[[ Record excerpts open ]]
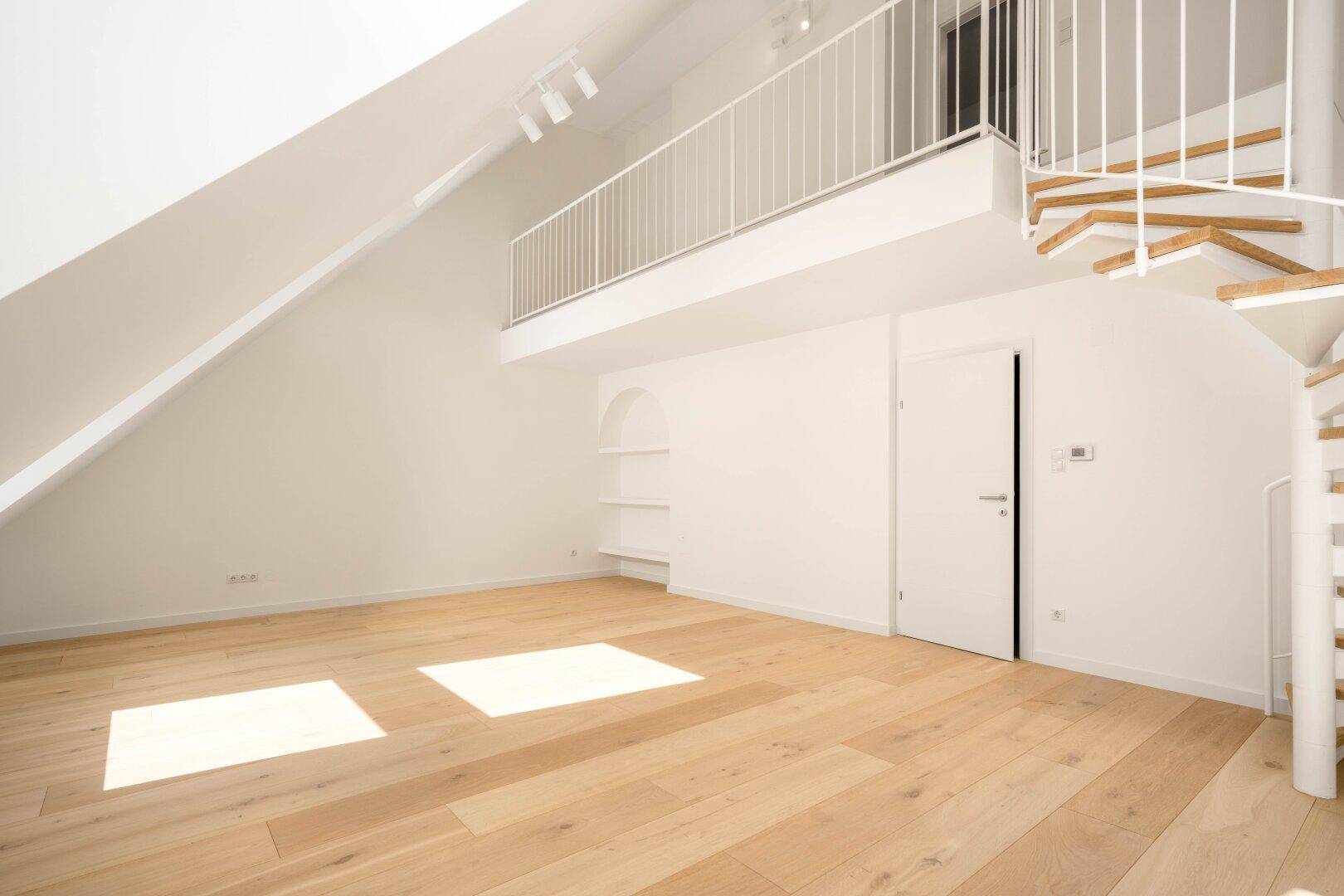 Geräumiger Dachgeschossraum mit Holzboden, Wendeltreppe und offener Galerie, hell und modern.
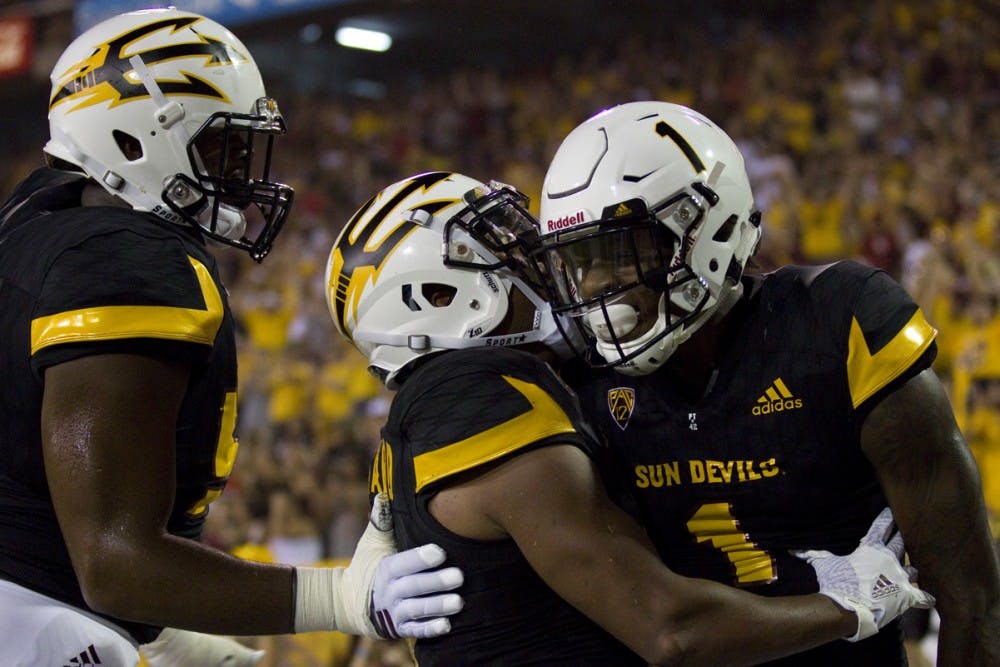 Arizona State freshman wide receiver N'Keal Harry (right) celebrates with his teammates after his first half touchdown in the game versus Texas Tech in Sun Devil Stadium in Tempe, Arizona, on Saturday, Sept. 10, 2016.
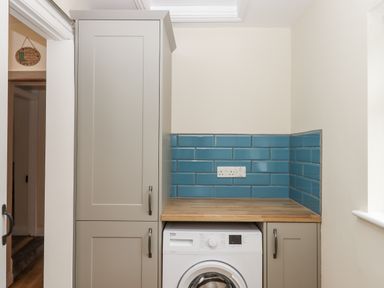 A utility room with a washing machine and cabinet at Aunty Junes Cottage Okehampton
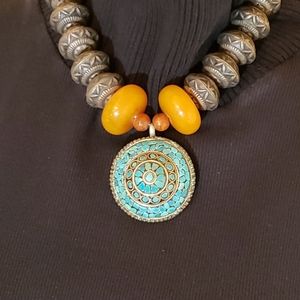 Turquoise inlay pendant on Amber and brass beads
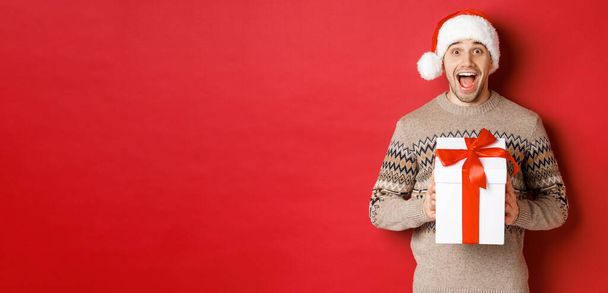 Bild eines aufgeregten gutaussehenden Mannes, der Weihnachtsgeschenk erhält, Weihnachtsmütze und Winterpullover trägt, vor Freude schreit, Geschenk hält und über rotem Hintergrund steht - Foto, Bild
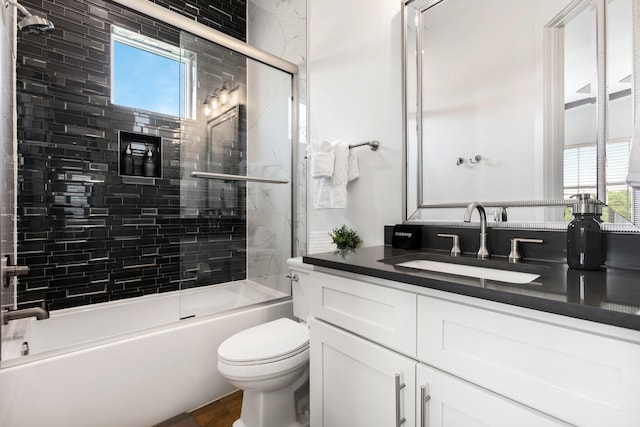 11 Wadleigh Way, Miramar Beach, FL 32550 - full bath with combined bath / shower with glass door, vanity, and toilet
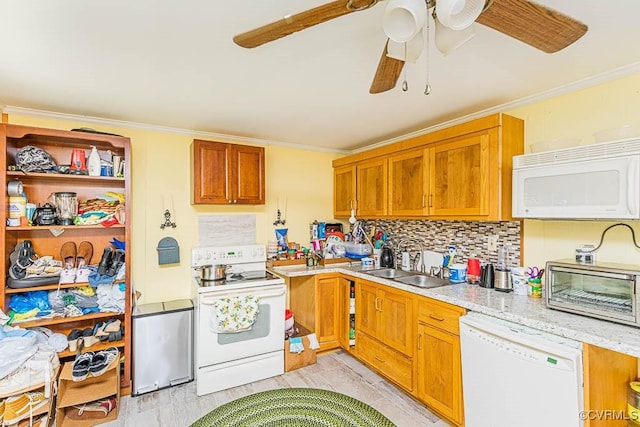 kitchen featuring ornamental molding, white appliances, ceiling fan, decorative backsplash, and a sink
[[ Record excerpts closed ]]
**Your objective**
Print each record exactly as it stands, leaving the images out.

**Exercise output**
 Geräumiger Dachgeschossraum mit Holzboden, Wendeltreppe und offener Galerie, hell und modern.
 Arizona State freshman wide receiver N'Keal Harry (right) celebrates with his teammates after his first half touchdown in the game versus Texas Tech in Sun Devil Stadium in Tempe, Arizona, on Saturday, Sept. 10, 2016.
 A utility room with a washing machine and cabinet at Aunty Junes Cottage Okehampton
 Turquoise inlay pendant on Amber and brass beads
 Bild eines aufgeregten gutaussehenden Mannes, der Weihnachtsgeschenk erhält, Weihnachtsmütze und Winterpullover trägt, vor Freude schreit, Geschenk hält und über rotem Hintergrund steht - Foto, Bild
 11 Wadleigh Way, Miramar Beach, FL 32550 - full bath with combined bath / shower with glass door, vanity, and toilet
 kitchen featuring ornamental molding, white appliances, ceiling fan, decorative backsplash, and a sink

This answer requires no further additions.